■ What you need to do: Only the lines of the listing below that run from the line with "paratrait(パラトレイト)MAD INDIGO DENIM" through the line with "Pius Gabor Loafer Blau" are to be set down, word for word. Pictures stay out.

■ Exercise data:
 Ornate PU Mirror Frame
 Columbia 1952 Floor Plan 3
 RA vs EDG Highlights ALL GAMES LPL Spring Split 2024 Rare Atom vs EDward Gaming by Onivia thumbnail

--

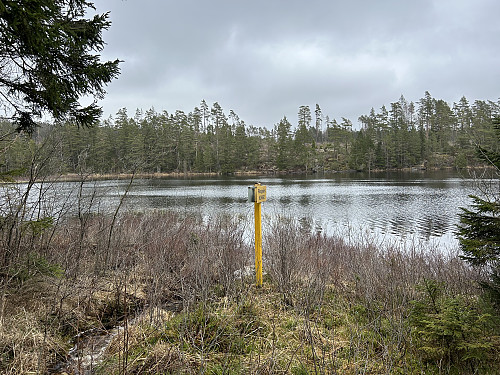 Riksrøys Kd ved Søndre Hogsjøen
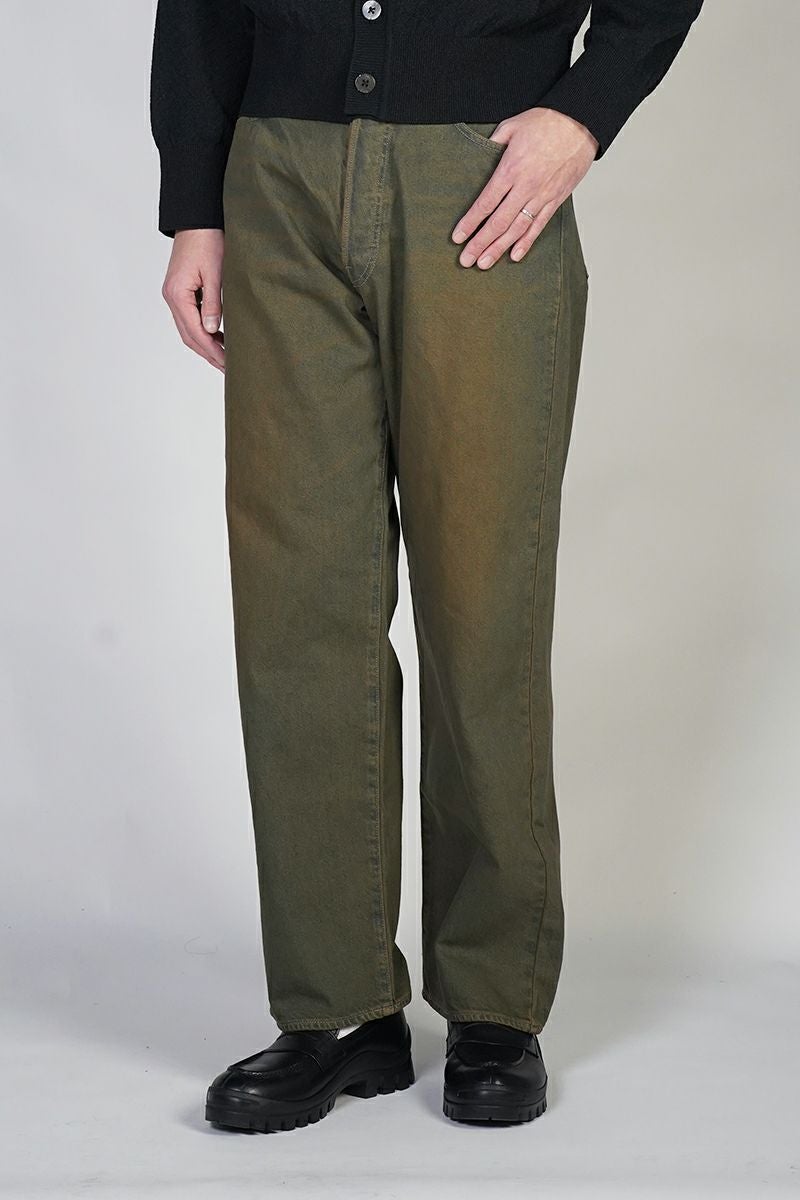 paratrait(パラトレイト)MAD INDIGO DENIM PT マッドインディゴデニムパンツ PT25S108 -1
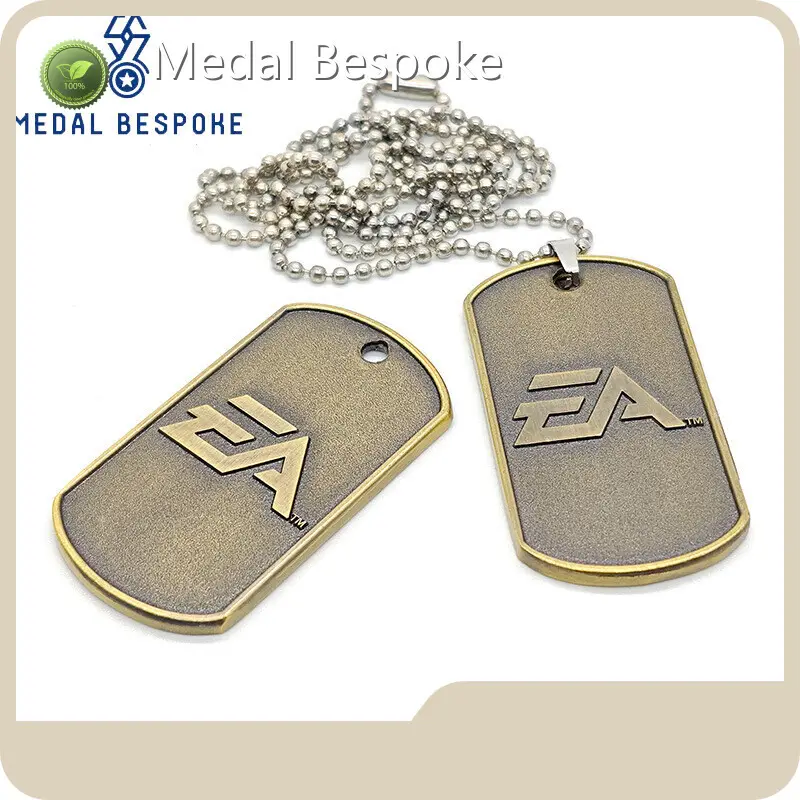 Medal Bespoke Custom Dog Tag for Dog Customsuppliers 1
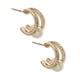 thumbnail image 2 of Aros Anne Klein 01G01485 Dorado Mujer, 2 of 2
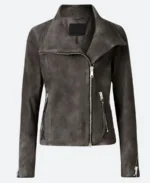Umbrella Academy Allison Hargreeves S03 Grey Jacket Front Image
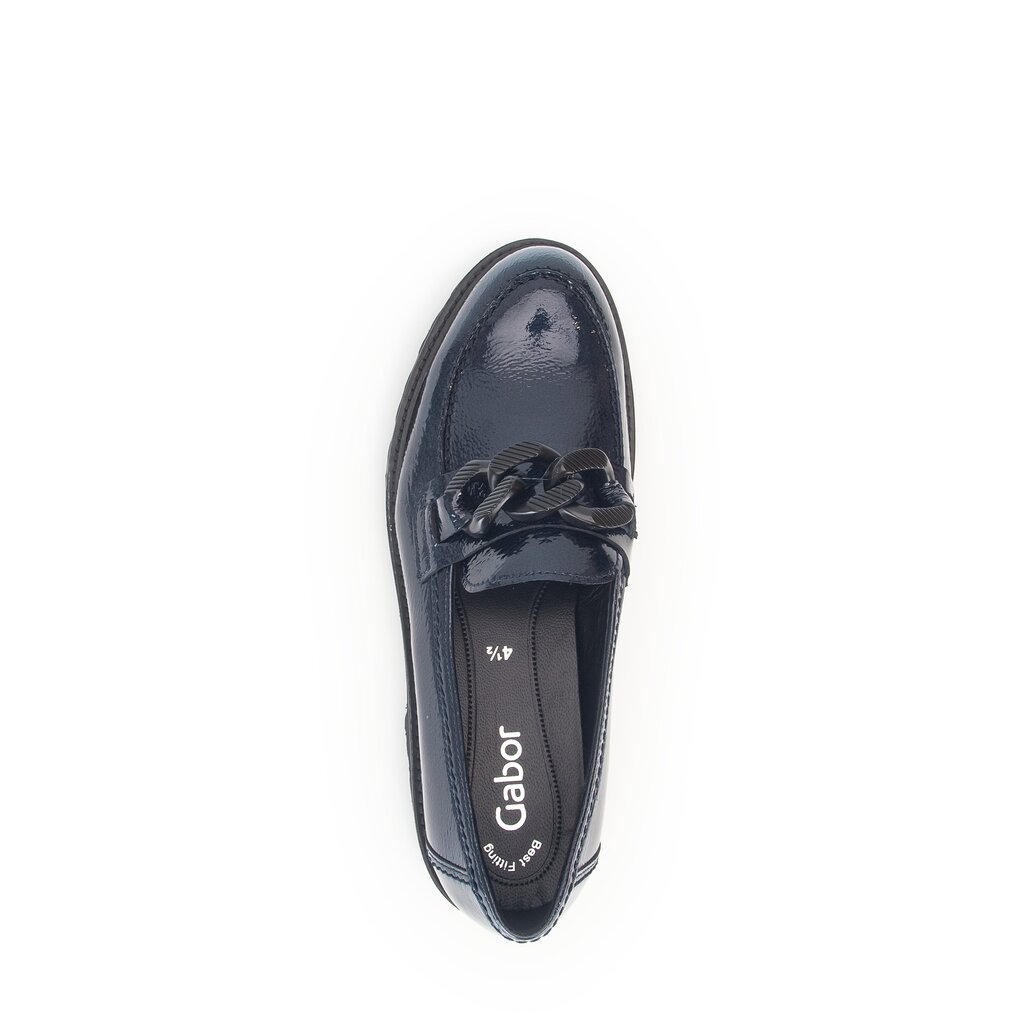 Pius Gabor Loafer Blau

■ Answer for this exercise:
 paratrait(パラトレイト)MAD INDIGO DENIM PT マッドインディゴデニムパンツ PT25S108 -1
 Medal Bespoke Custom Dog Tag for Dog Customsuppliers 1
 thumbnail image 2 of Aros Anne Klein 01G01485 Dorado Mujer, 2 of 2
Umbrella Academy Allison Hargreeves S03 Grey Jacket Front Image
 Pius Gabor Loafer Blau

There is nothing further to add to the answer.